Офицер явно был доволен, что ни на чем меня не застукал.

— Хорошо, что не спите, — сказал он, закуривая. — Нет, не надо будить начальника караула. Пусть спит.

И проследовал дальше.

Как я мог спать? Я ведь охранял разоблаченных шпионов!

Я снова вошел в сени. Из арестантской слышались голоса и смех. Смеха было много. Когда я через четырнадцать лет сидел на Лубянке, мы там тоже много смеялись. Сталинские арестанты вообще много смеялись. Весело им не было никогда, а смешно бывало часто. Но тогда этот смех меня поразил. Я стал прислушиваться. И вдруг, после очередного взрыва смеха, услышал чистый голос:

— А ты думаешь — это смешно, что мы здесь сидим?

Я вполне и сразу понял значение этой фразы. Прежде всего, я охранял не шпионов. Человек, произнесший эту фразу, знал и про себя, и про своих товарищей по несчастью, что они ни в чем не виноваты. Для них, внутри камеры, это было совершенно очевидно. Я поверил ему, хотя в тот момент думал, что «ежовщина» кончилась, а уж на войне вообще не до того. Глупости я думал. Как всегда, когда что-нибудь в этом роде объяснял разумно.

Больше приключений не было. Утром двоих из этих арестованных я смог увидеть воочию. Чести это мне, правда, не прибавило, но из песни слов не выбросишь. Я отдыхал, когда пришел приказ выставить временно дополнительный пост — к арестованным, которые будут заняты пилкой и колкой дров. Поставили меня. Кто вывел, а потом увел заключенных, я не заметил, — но знаю, что никто из нас. К заключенным мы отношения не имели. И общаться с ними ни по какому поводу не должны были. Им же, наоборот, хотелось общаться. Но я стоял как пень, как петровский солдат, усвоивший «сено-солома», и ни на какие заговаривания не отвечал. Один из арестованных, в шинели без хлястика, уже не очень молодой, кажется, попросил закурить. Этого я сделать никак не мог, ибо никогда не курил, и ни папирос, ни спичек у меня не бывает. Надо было так и сказать. Но я просто не ответил — согласно уставу и приказу, стоял как изваяние и хранил каменное молчание. Думаю, что именно потому, что был плохим да еще затравленным солдатом. Да, боялся я не «быть замешанным» — почему-то об этом я не думал, — а опять оказаться нерадивым. И это заслонило от меня в тот момент реальный смысл происходящего. И если бы я хорошо знал службу и был больше уверен в себе, я бы вел себя иначе. Но я был таким, каким я был. Арестованный довольно быстро сообразил, с кем имеет дело.

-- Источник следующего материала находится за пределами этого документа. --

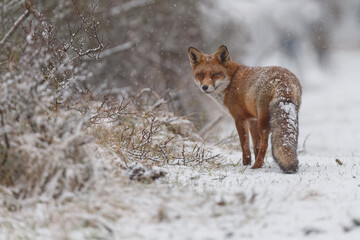 Red fox in wintertime with fresh fallen snow in nature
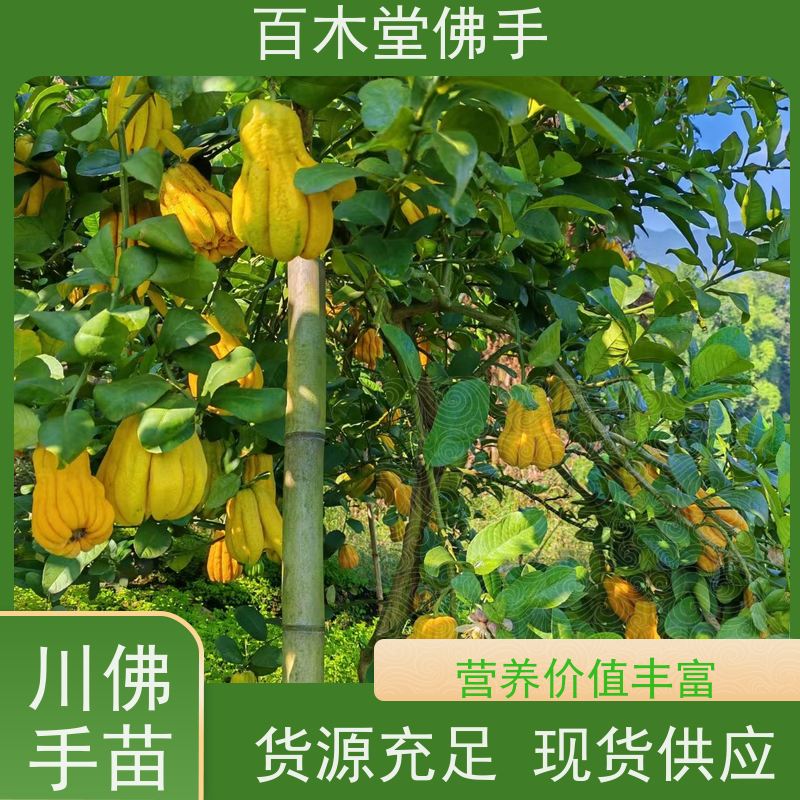 百木堂园林景区栽植川佛手苗适用性强 美丽多姿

— Солдат, ну чего ты бычишься? Не бойся, не убегу. А если б захотел бежать, — рванул бы, и хрен бы ты меня догнал. И не попадешь. Или вот топор бы тебе в лоб засадил, и конец.

Все это было чистой правдой. Стерег его не я со своей винтовкой, а то, что бежать неуголовнику в СССР все равно было некуда. А может, еще и оправдаться надеялся.